Le 01 août 1974, le bail a été renouvelé pour une durée de neuf ans moyennant un loyer annuel de 16.197,77 Francs, soit 2.469,33 Euros.
Le 01 août 1983, le bail a été renouvelé pour une durée de neuf ans moyennant un loyer annuel de 41.300,00 Francs, soit 6.296,14 Euros.
Le 01 août 1992, le bail a été renouvelé pour une durée de neuf ans moyennant un loyer annuel de 57.600,00 Francs, soit 8.689,59 Euros.
Le 01 août 2001, le bail a été renouvelé pour une durée de neuf ans moyennant un loyer annuel de 9.604,29 Euros.
Le 01 août 2010, le bail a été renouvelé pour une durée de neuf ans moyennant un loyer annuel de 12.906,34 Euros.
Par acte en date du 11 février 2019, [X] [C] a signifié à la SA HSBC FRANCE venant aux droits et obligations de la société CREDIT COMMERCIAL DE FRANCE un congé pour le 30 septembre 2019 avec offre de renouvellement du bail moyennant un loyer annuel d’un montant de 14.600,00 Euros.
A la date de renouvellement, soit le 01 octobre 2019, le loyer annuel s’élevait à la somme de 13.950,72 Euros HT et HC.
Le 27 septembre 2021, la SA HSBC CONTINENTAL EUROPE anciennement dénommée SA HSBC FRANCE a notifié à [X] [C] un mémoire en fixation du loyer annuel à la somme de 9.346,00 Euros HT HC.
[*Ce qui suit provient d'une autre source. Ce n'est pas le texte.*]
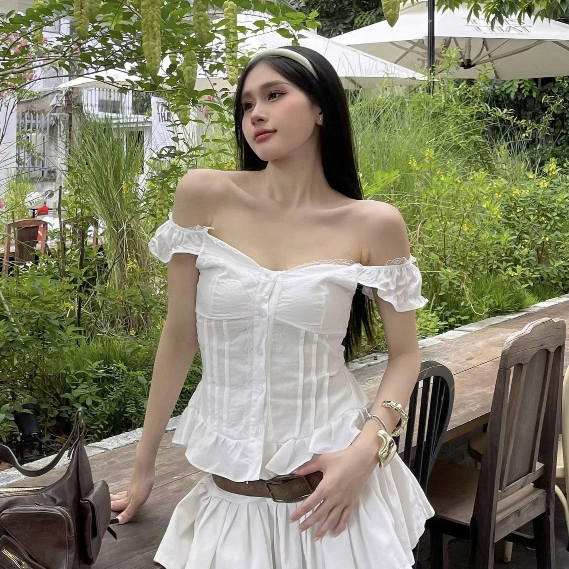 Áo Babydoll Linen Kiểu Xinh Nữ Vạt Xòe Phối Cúc Bọc Vải Mùa Hè SS2025  She Noiree - KA534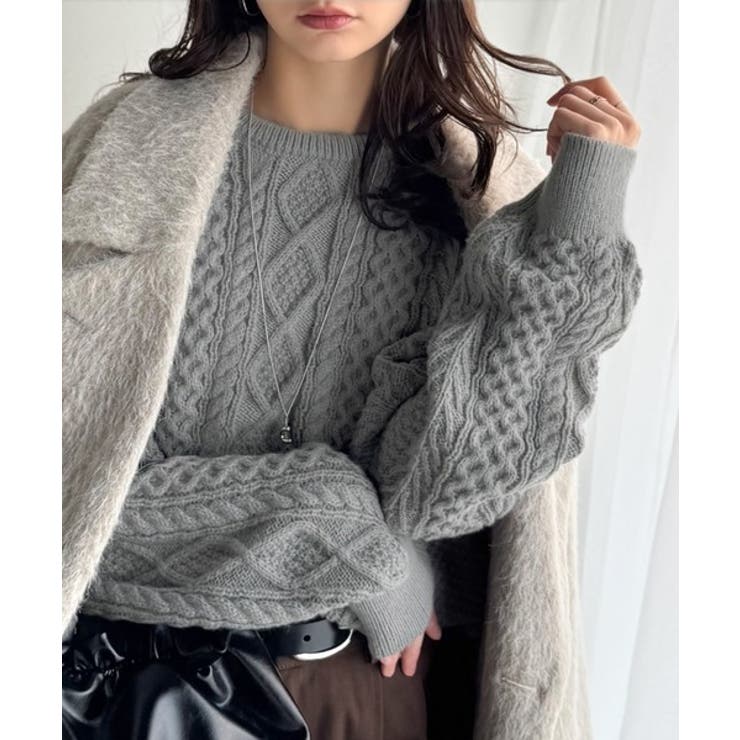 クラシカルなアラン編みが映える♪秋冬ムードをグッと高めるケーブル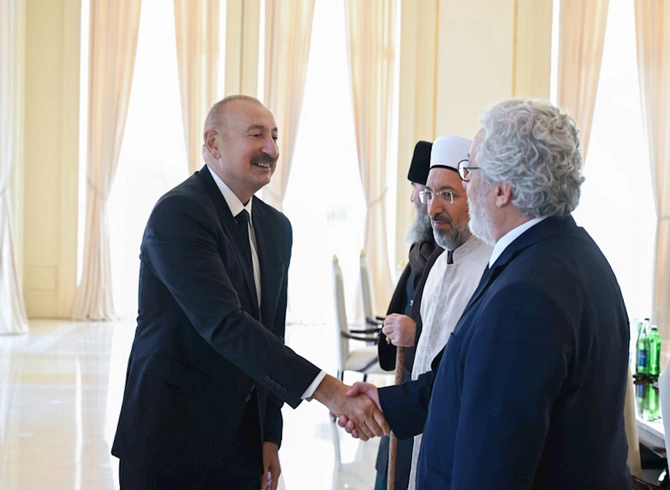 Prezident Bakıda keçirilən beynəlxalq konfransların iştirakçılarını qəbul etdi — FOTOLAR (YENİLƏNİB)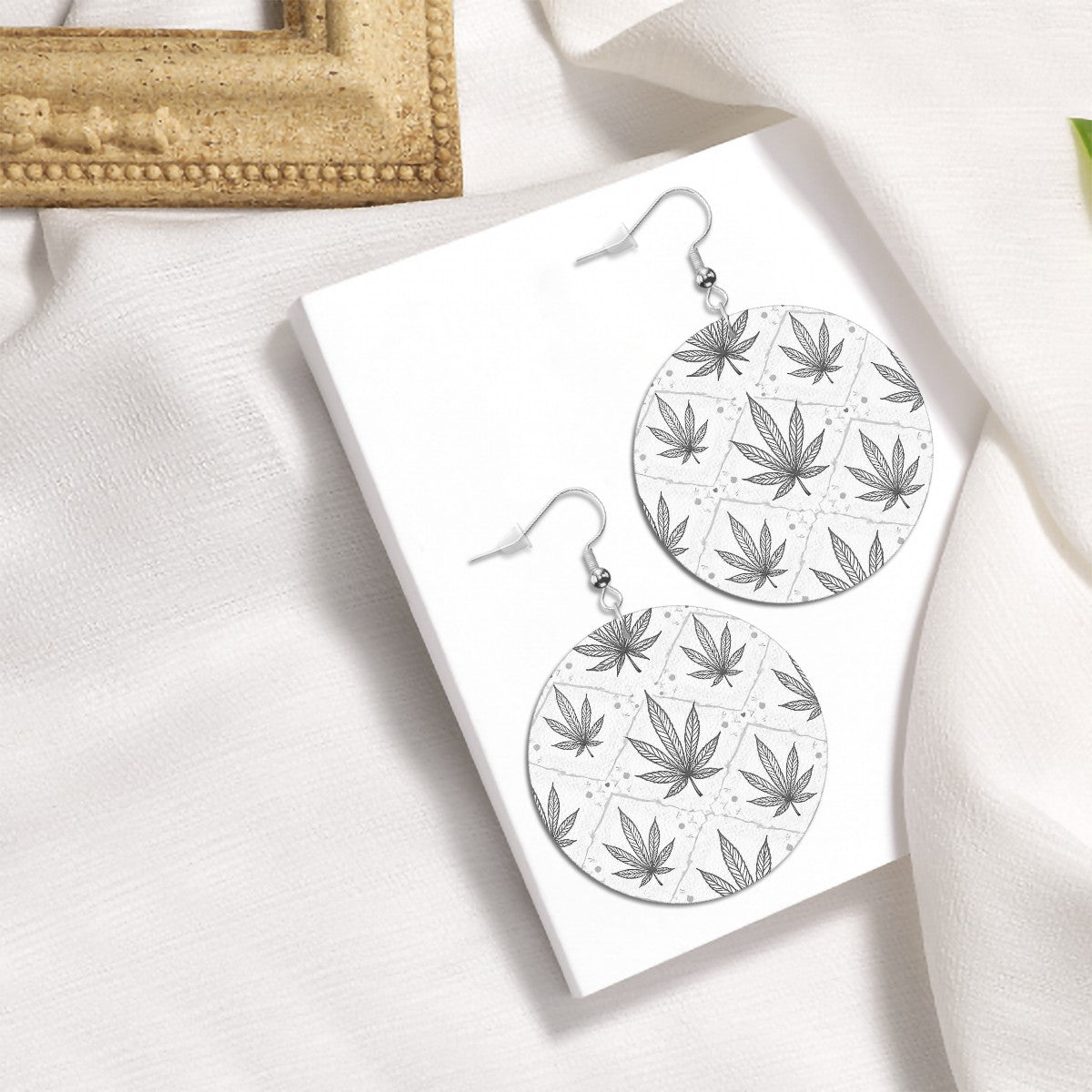 Leather Round Earrings White and Black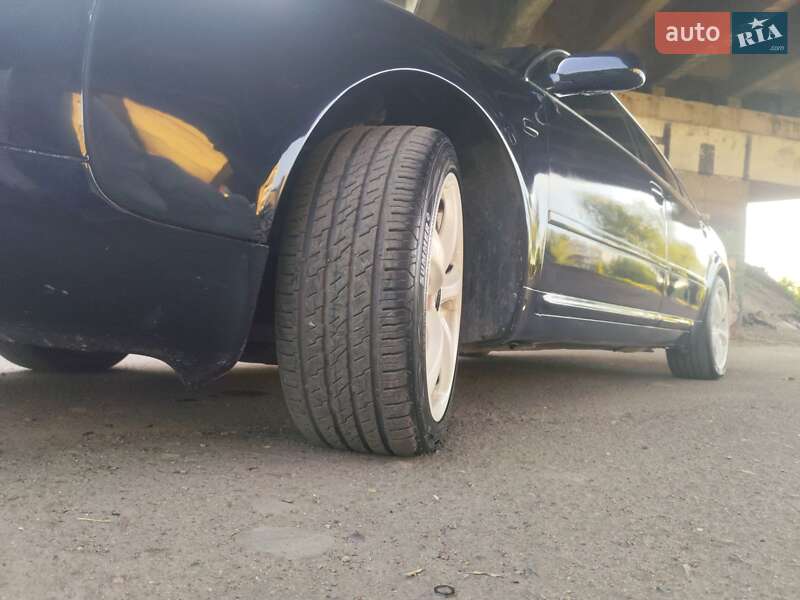Седан Audi A6 1998 в Ровно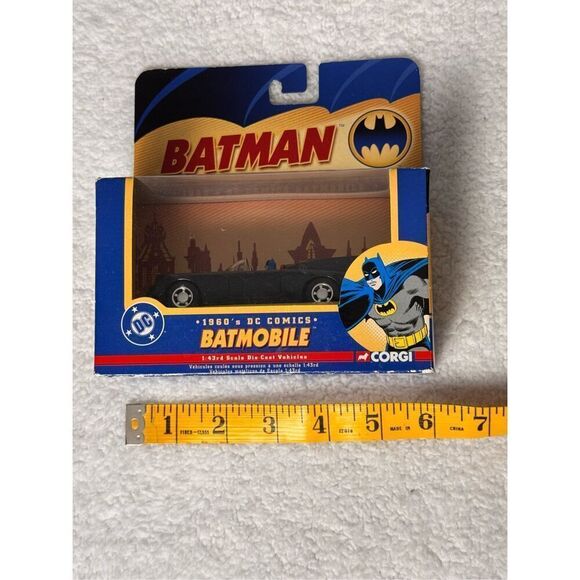 CORGI 1960's DC Comics BATMOBILE 1:43rd Scale. NIB. #77301 - Picture 7 of 7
Par acte en date du 14 septembre 2023, la SA HSBC CONTINENTAL EUROPE a assigné [X] [C] aux fins d’obtenir :
— la fixation du loyer à la somme de 9.346,00 Euros par an,
— le remboursement des loyers trop perçus avec intérêts capitalisés calculés au taux légal à compter du 01 octobre 2019,
— subsidiairement, une expertise,
— subsidiairement, la fixation du loyer annuel à la somme de 14.600,00 Euros,
— la somme de 5.000,00 Euros sur le fondement de l’article 700 du Code de Procédure Civile.
La SA CCF se substituant de plein droit à la SA HSBC CONTINENTAL EUROPE est intervenu volontairement à la cause.
[X] [C] conclut à la fixation du loyer à la somme de 26.250,00 Euros par an HC et HT. Elle demande la somme de 5.000,00 Euros sur le fondement de l’article 700 du Code de Procédure Civile.
*
MOTIFS
— Sur la recevabilité des demandes de [X] [C]
L’article 32 du Code de Procédure Civile prévoit :
Est irrecevable toute prétention émise par ou contre une personne dépourvue du droit d’agir.
L’article 126 du Code de Procédure Civile prévoit :
Dans le cas où la situation donnant lieu à fin de non-recevoir est susceptible d’être régularisée, l’irrecevabilité sera écartée si sa cause a disparu au moment où le juge statue.
Il en est de même lorsque, avant toute forclusion, la personne ayant qualité pour agir devient partie à l’instance.
La SA CCF s’est substituée de plein droit à la SA HSBC CONTINENTAL EUROPE. [X] [C] présente désormais ses demandes à l’encontre de la SA CCF. La fin de non recevoir soulevée par la SA CCF entre dès lors en voie de rejet.
— Sur le renouvellement du bail
Il convient de constater que les parties s’accordent sur le principe du renouvellement du bail aux mêmes charges et conditions à compter du 01 octobre 2019.
— Sur la fixation du loyer
Les parties s’accordent pour exclure la qualification des locaux comme des bureaux ou des locaux monovalents.
L’article L145-33 du Code de Commerce prévoit :
Le montant des loyers des baux renouvelés ou révisés doit correspondre à la valeur locative.
A défaut d’accord, cette valeur est déterminée d’après :
1 Les caractéristiques du local considéré ;
2 La destination des lieux ;
3 Les obligations respectives des parties ;
4 Les facteurs locaux de commercialité ;
5 Les prix couramment pratiqués dans le voisinage .
L’article L145-34 du Code de Commerce prévoit :
A moins d’une modification notable des éléments mentionnés aux 1° à 4° de l’article L 145-33, le taux de variation du loyer applicable lors de la prise d’effet du bail à renouveler, si sa durée n’est pas supérieure à neuf ans, ne peut excéder la variation de l’indice national trimestriel mesurant le coût de la construction publié par l’Institut national de la statistique et des études économiques intervenue depuis la fixation initiale du loyer du bail expiré. A défaut de clause contractuelle fixant le trimestre de référence de cet indice, il y a lieu de prendre en compte la variation de l’indice national trimestriel mesurant le coût de la construction, calculée sur la période de neuf ans antérieure au dernier indice publié.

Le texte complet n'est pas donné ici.